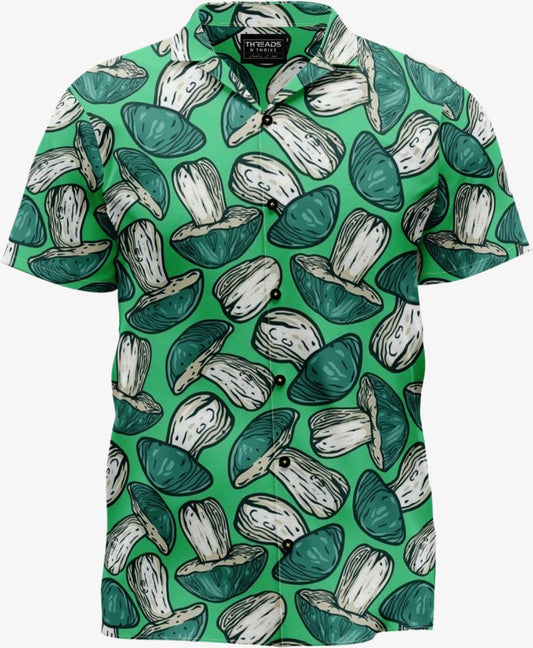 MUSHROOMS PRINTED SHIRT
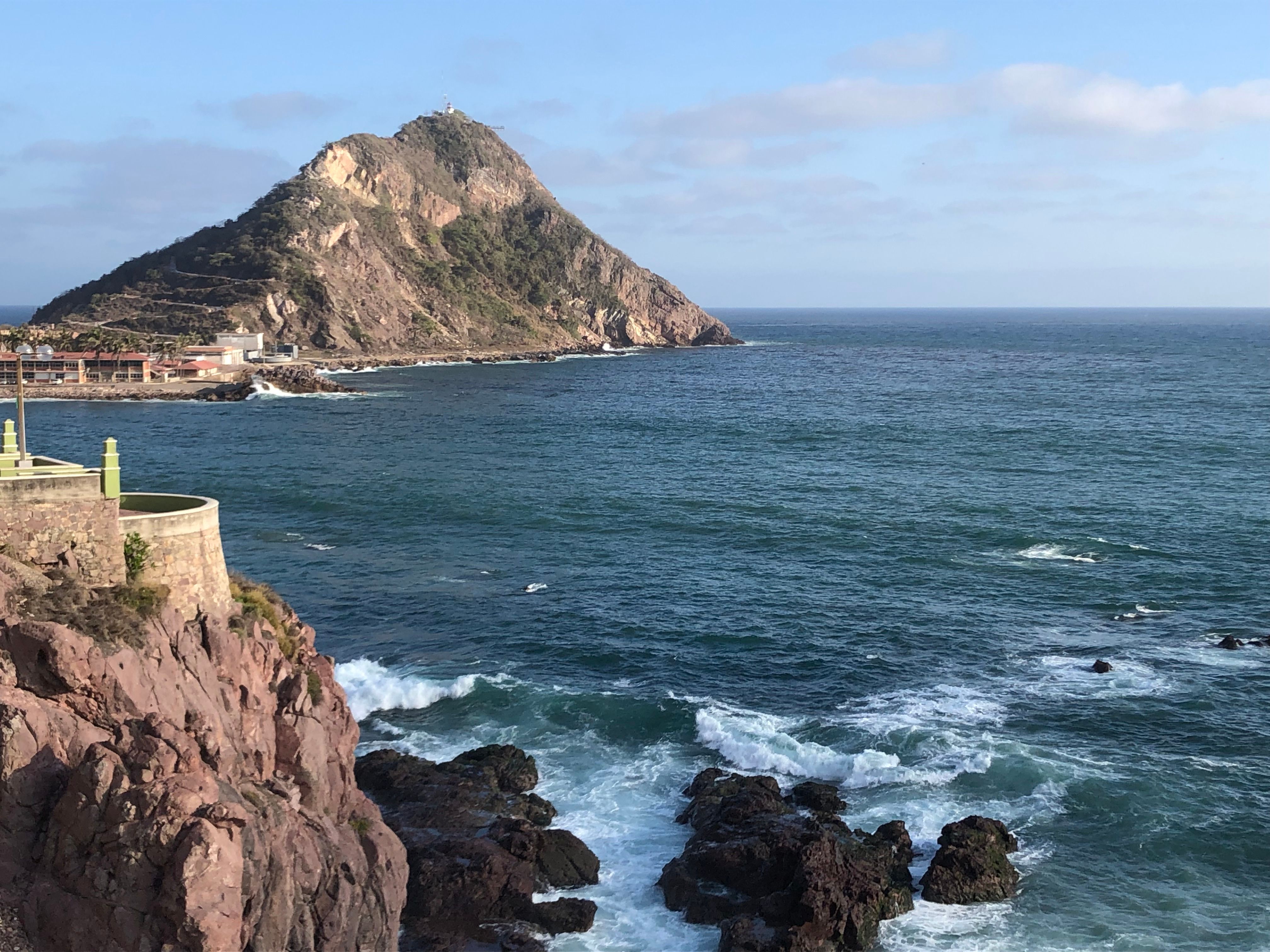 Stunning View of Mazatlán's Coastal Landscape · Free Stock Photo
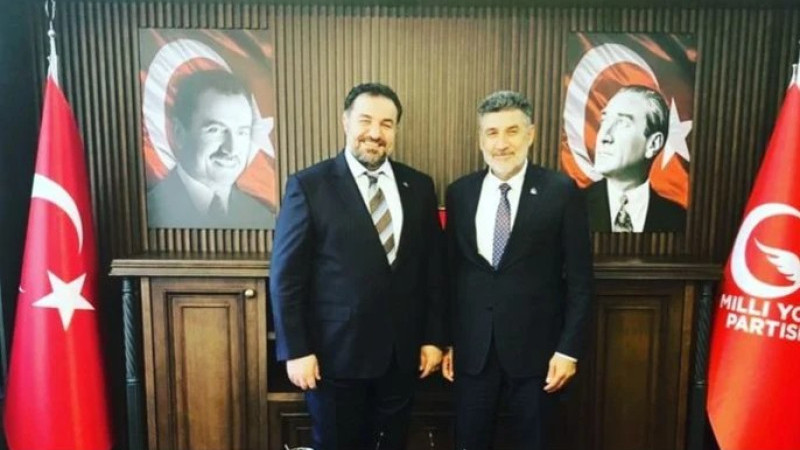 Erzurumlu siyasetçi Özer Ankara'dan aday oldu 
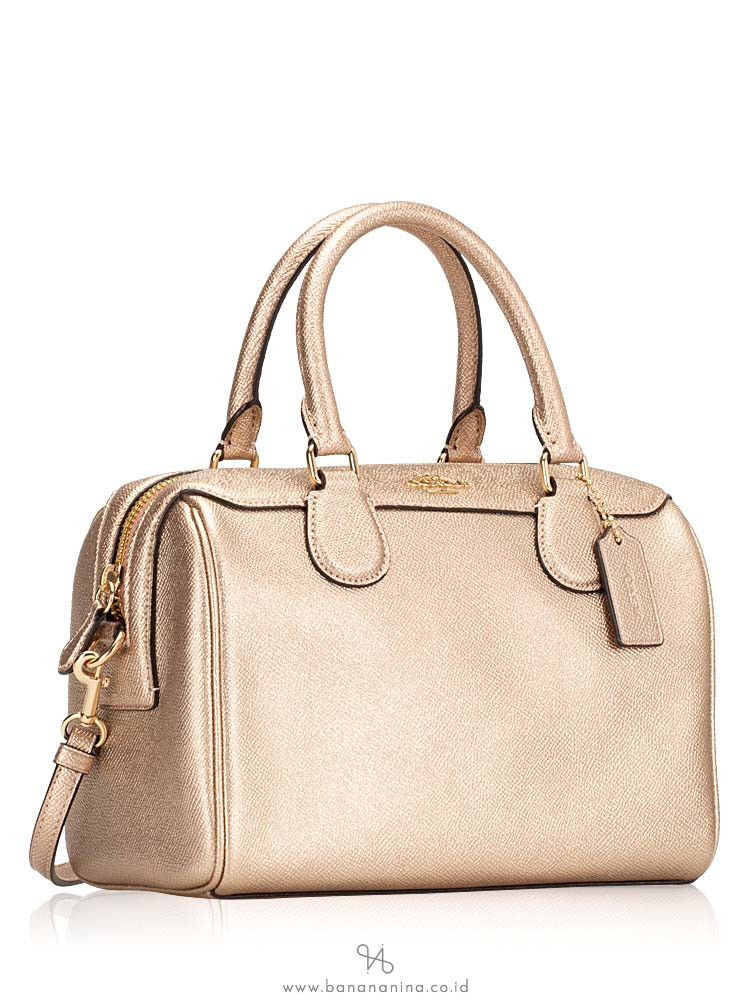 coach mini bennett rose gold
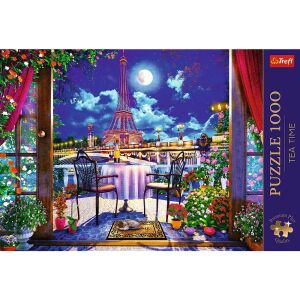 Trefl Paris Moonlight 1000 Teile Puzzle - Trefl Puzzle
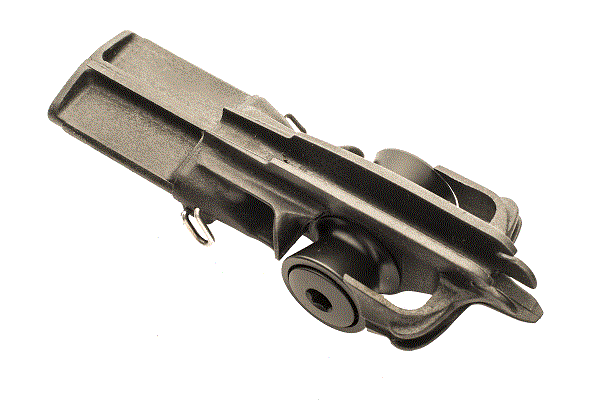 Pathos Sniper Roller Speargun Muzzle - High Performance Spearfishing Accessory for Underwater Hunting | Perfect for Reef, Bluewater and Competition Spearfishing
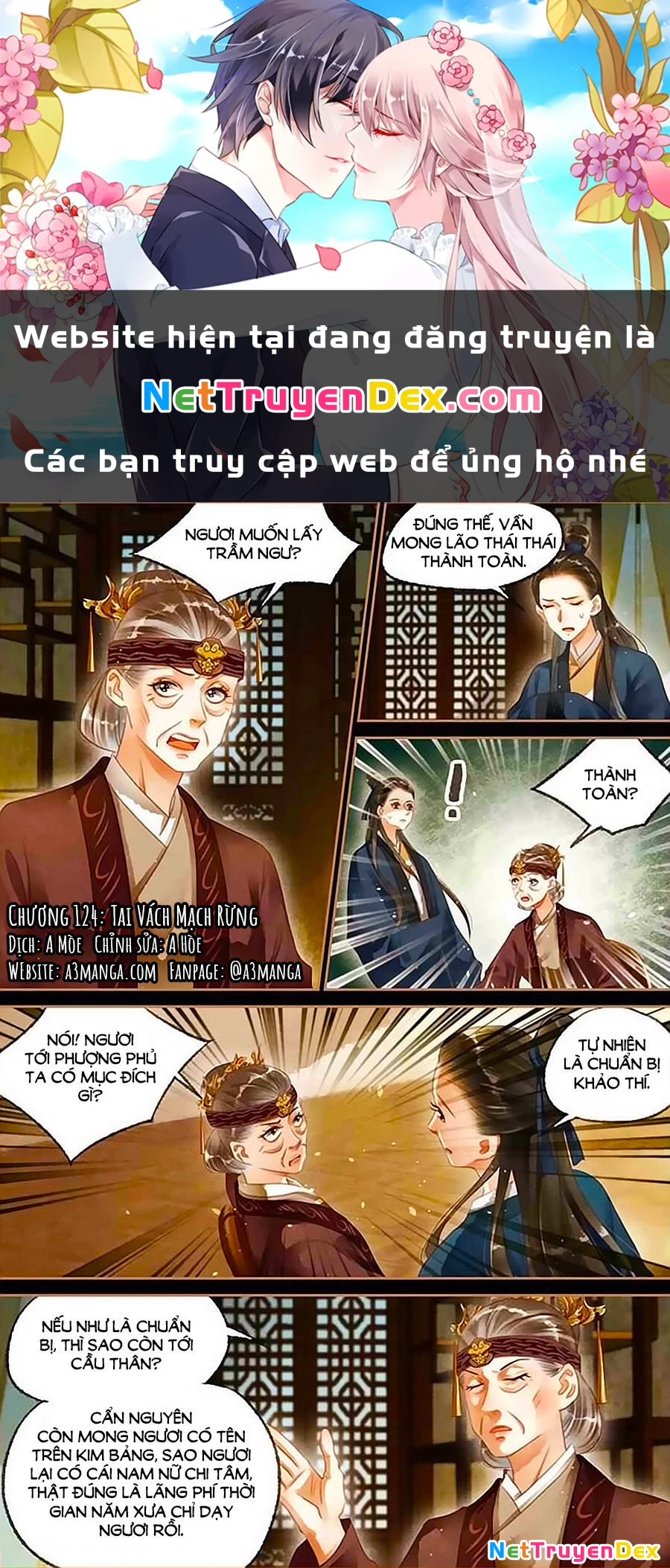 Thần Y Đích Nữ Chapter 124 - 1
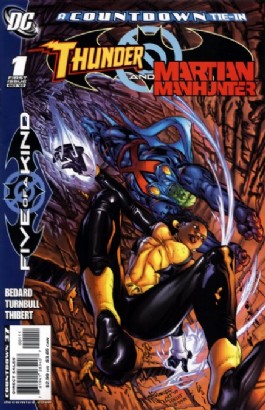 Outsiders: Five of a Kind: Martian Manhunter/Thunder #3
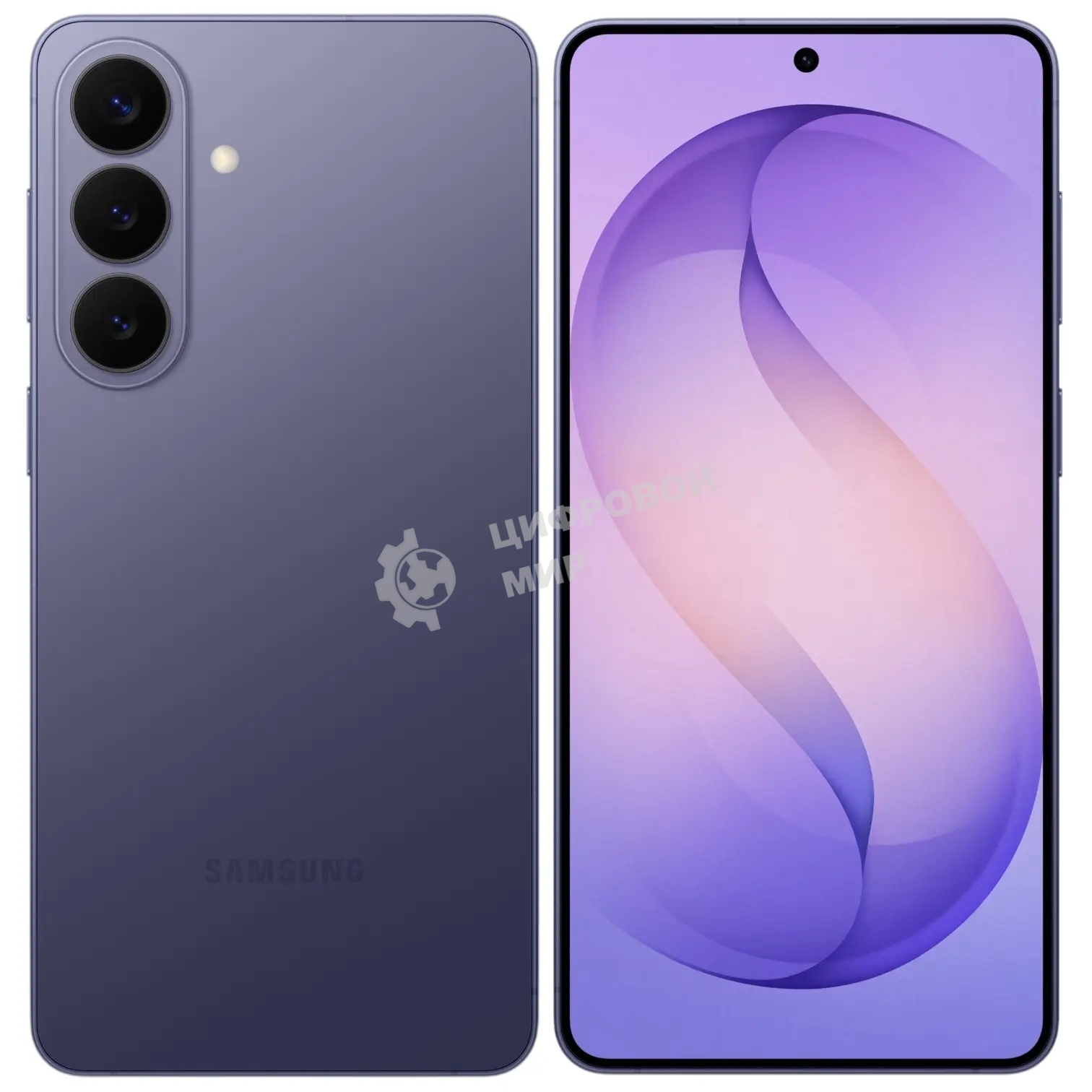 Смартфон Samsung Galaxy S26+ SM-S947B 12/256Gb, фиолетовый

____________

# Task instructions:
Leave every picture out and write out exactly the lines from the line with "Thần Y Đích Nữ Chapter 124 - 1" through the last line of the material.

# Response to the task:
 Thần Y Đích Nữ Chapter 124 - 1
 Outsiders: Five of a Kind: Martian Manhunter/Thunder #3
 Смартфон Samsung Galaxy S26+ SM-S947B 12/256Gb, фиолетовый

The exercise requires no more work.